** Pictures with short captions **
# # #
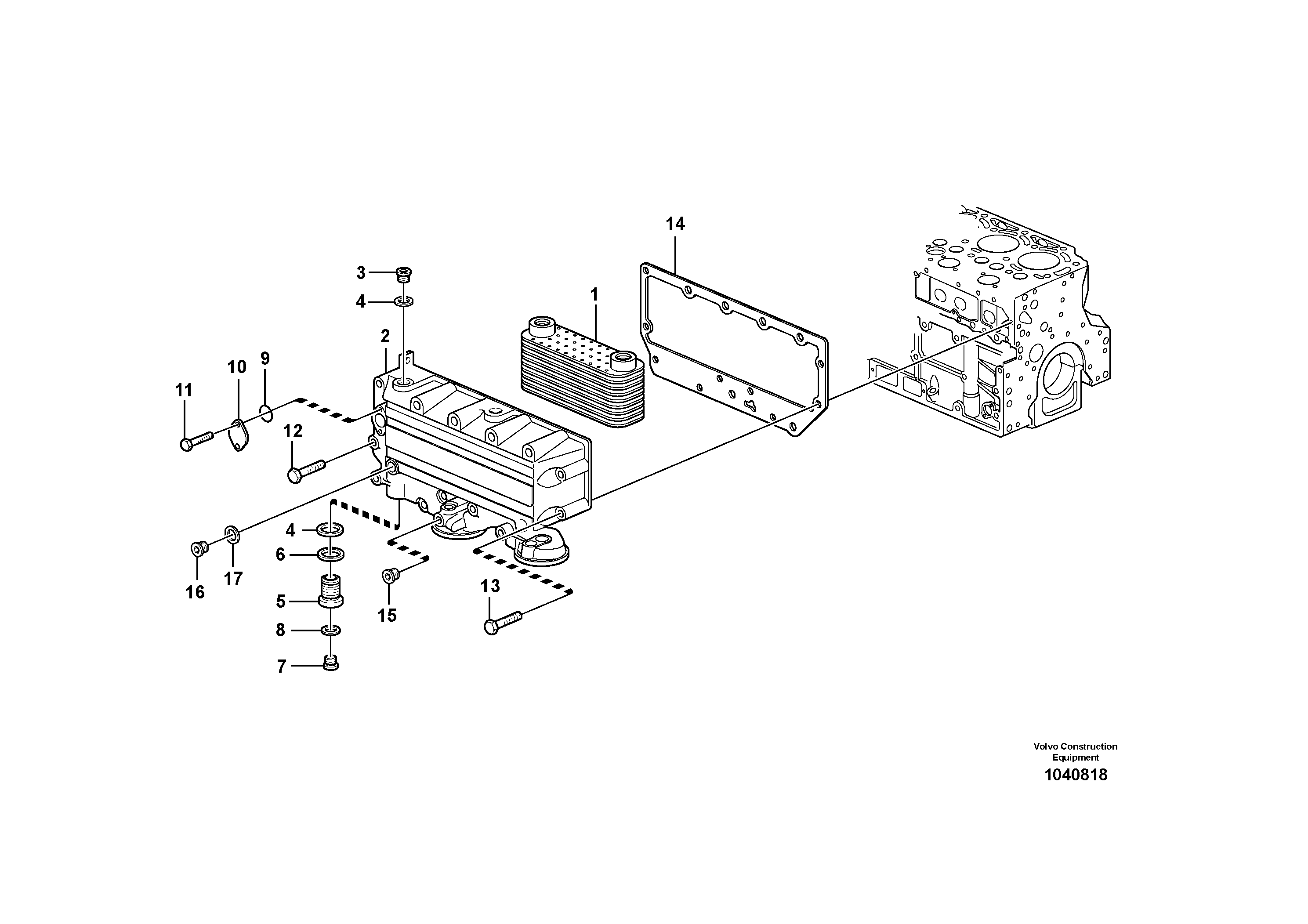 Схема запчастей Volvo ABG8820B - 57958 Масляный радиатор ABG8820/ABG8820B ABG8820 S/N 21098-23354 ABG8820B S/N 23355-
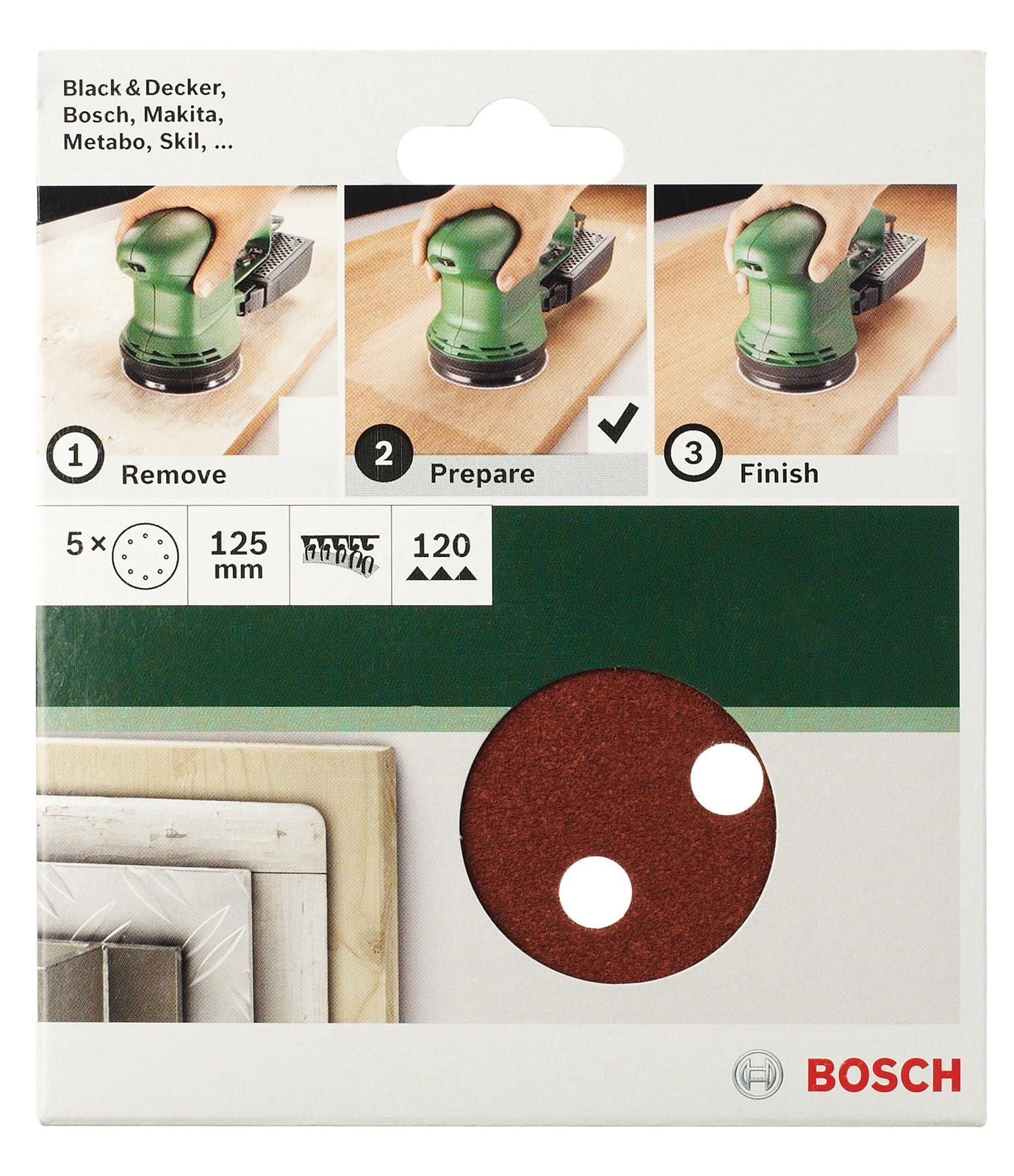 Bosch Home and Garden 2609256A25 5pcs Sanding Sheet Set for Random Orbit Sanders 125.180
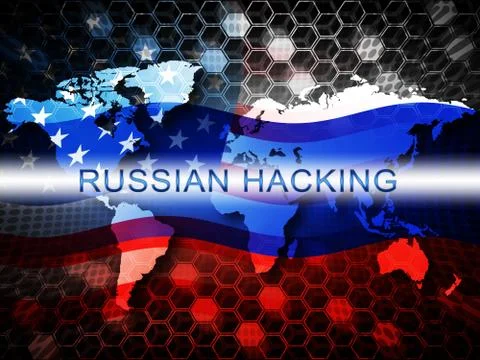Russian Hacking Election Attack Alert 2d Illustration Stockillustratie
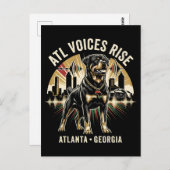 Atlanta Georgia Rottweiler Cultural Pride Art ポストカード (正面/裏面)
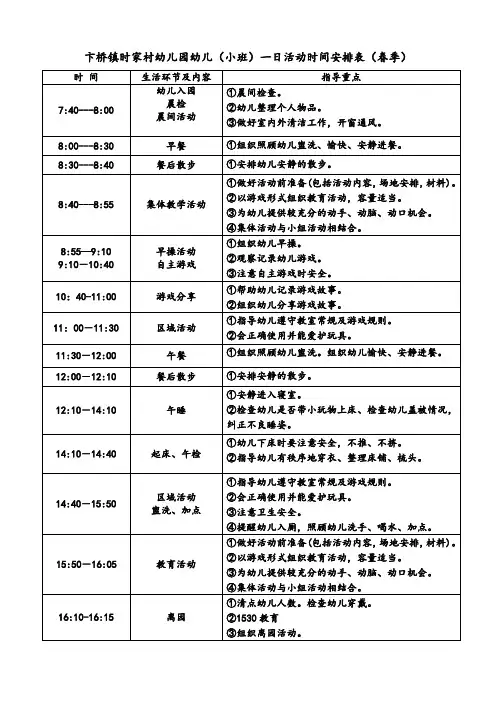 幼儿园一日活动时间安排表(春季)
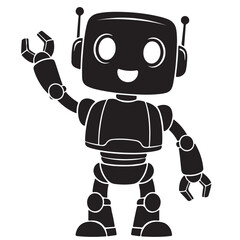 Smiling Robot Character Silhouette with Waving Arm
# # #
With all pictures excluded, output exactly the lines from the one containing "Russian Hacking Election" through the final line of the entries, inclusive.

** RESULT FOR THIS TASK **
Russian Hacking Election Attack Alert 2d Illustration Stockillustratie
 Atlanta Georgia Rottweiler Cultural Pride Art ポストカード (正面/裏面)
 幼儿园一日活动时间安排表(春季)
 Smiling Robot Character Silhouette with Waving Arm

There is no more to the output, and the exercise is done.